Source material:
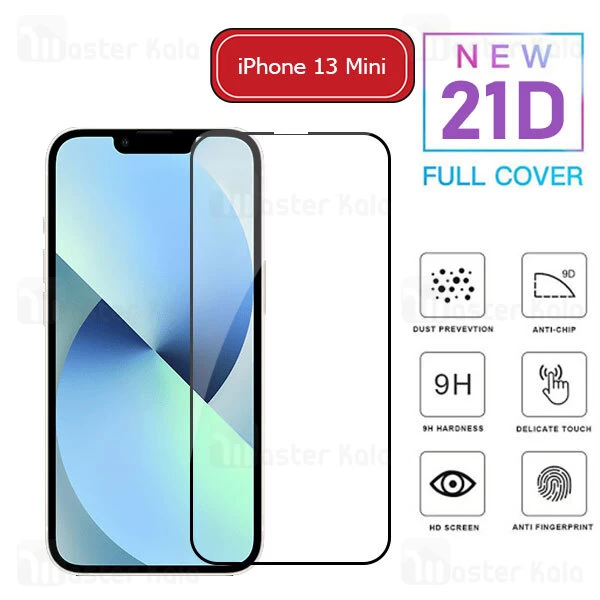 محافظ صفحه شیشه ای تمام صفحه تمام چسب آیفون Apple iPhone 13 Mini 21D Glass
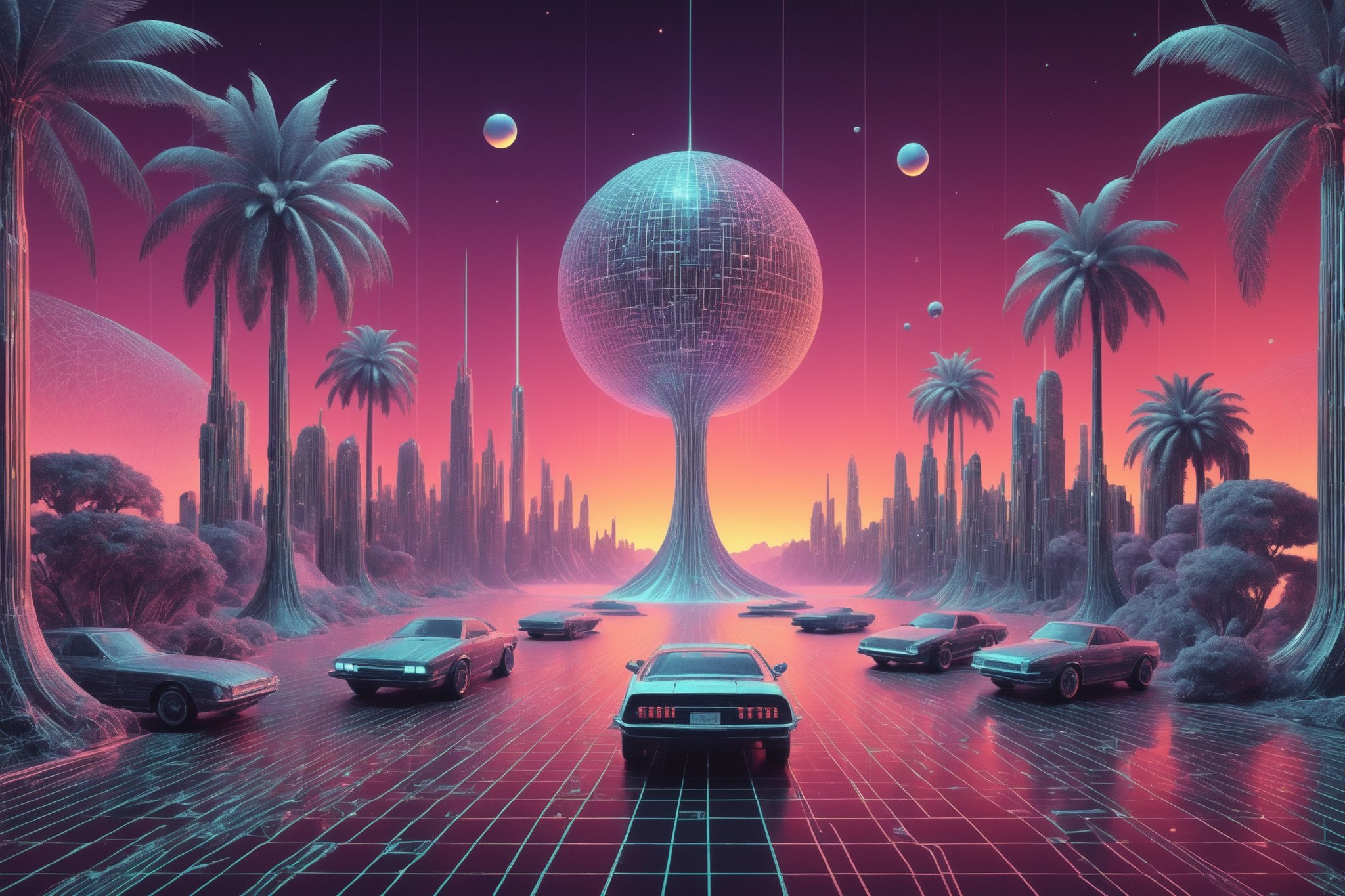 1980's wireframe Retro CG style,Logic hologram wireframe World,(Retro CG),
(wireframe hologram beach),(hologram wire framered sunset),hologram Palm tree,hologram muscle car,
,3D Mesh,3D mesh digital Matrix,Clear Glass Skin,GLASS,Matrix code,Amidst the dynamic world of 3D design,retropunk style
* * *
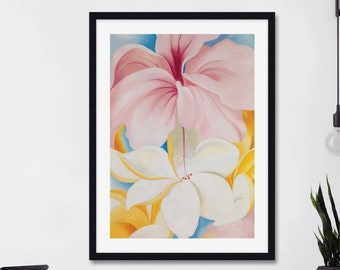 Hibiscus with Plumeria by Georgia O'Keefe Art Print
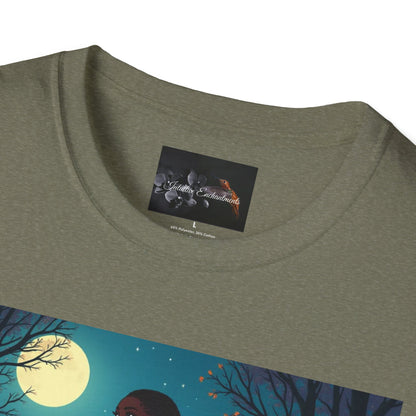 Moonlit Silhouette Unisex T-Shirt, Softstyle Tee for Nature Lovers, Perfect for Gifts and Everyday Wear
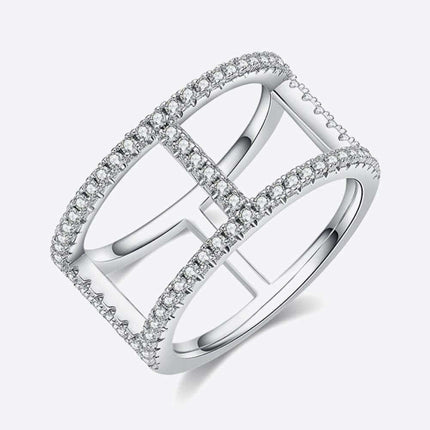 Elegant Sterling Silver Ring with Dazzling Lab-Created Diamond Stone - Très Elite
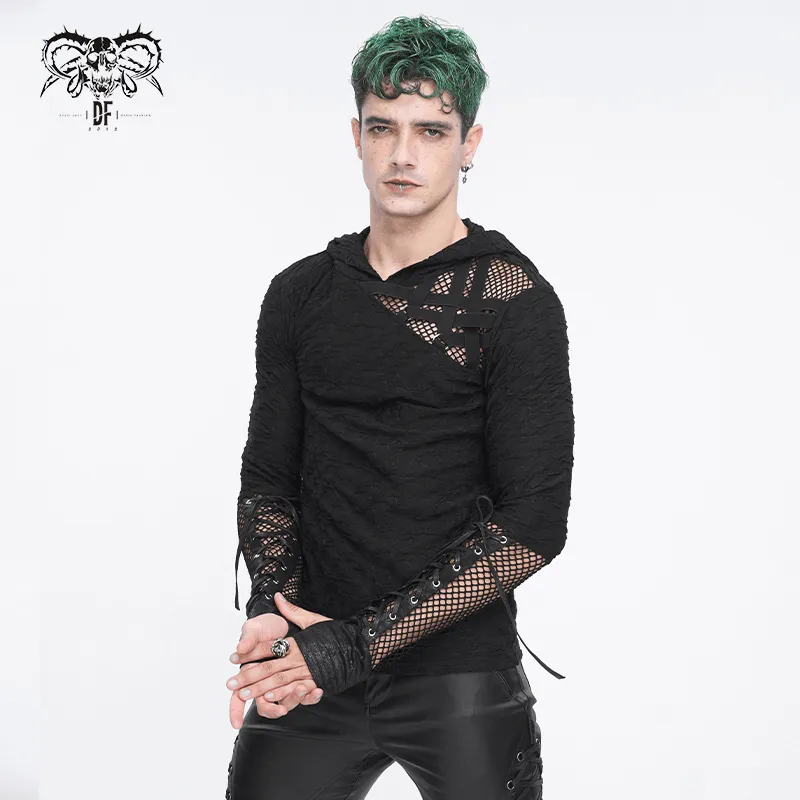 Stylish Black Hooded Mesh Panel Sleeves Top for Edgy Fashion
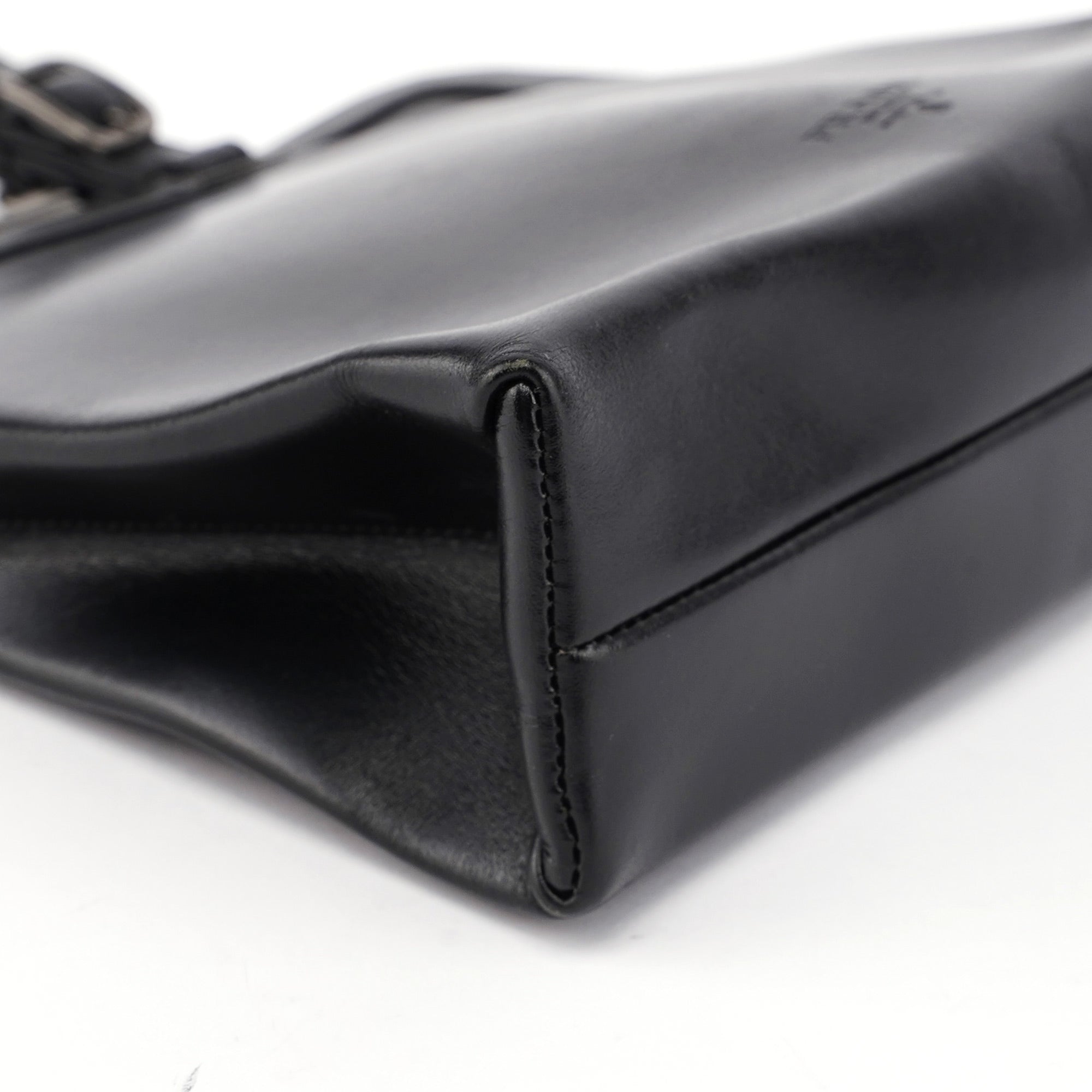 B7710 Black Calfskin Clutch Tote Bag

Work required: Could you write out exactly the lines of the data above that run from the one holding "محافظ صفحه شیشه" to the one holding "3D design,retropunk style", with both ends in and all pictures out?

Output of the exercise:
 محافظ صفحه شیشه ای تمام صفحه تمام چسب آیفون Apple iPhone 13 Mini 21D Glass
 1980's wireframe Retro CG style,Logic hologram wireframe World,(Retro CG),
(wireframe hologram beach),(hologram wire framered sunset),hologram Palm tree,hologram muscle car,
,3D Mesh,3D mesh digital Matrix,Clear Glass Skin,GLASS,Matrix code,Amidst the dynamic world of 3D design,retropunk style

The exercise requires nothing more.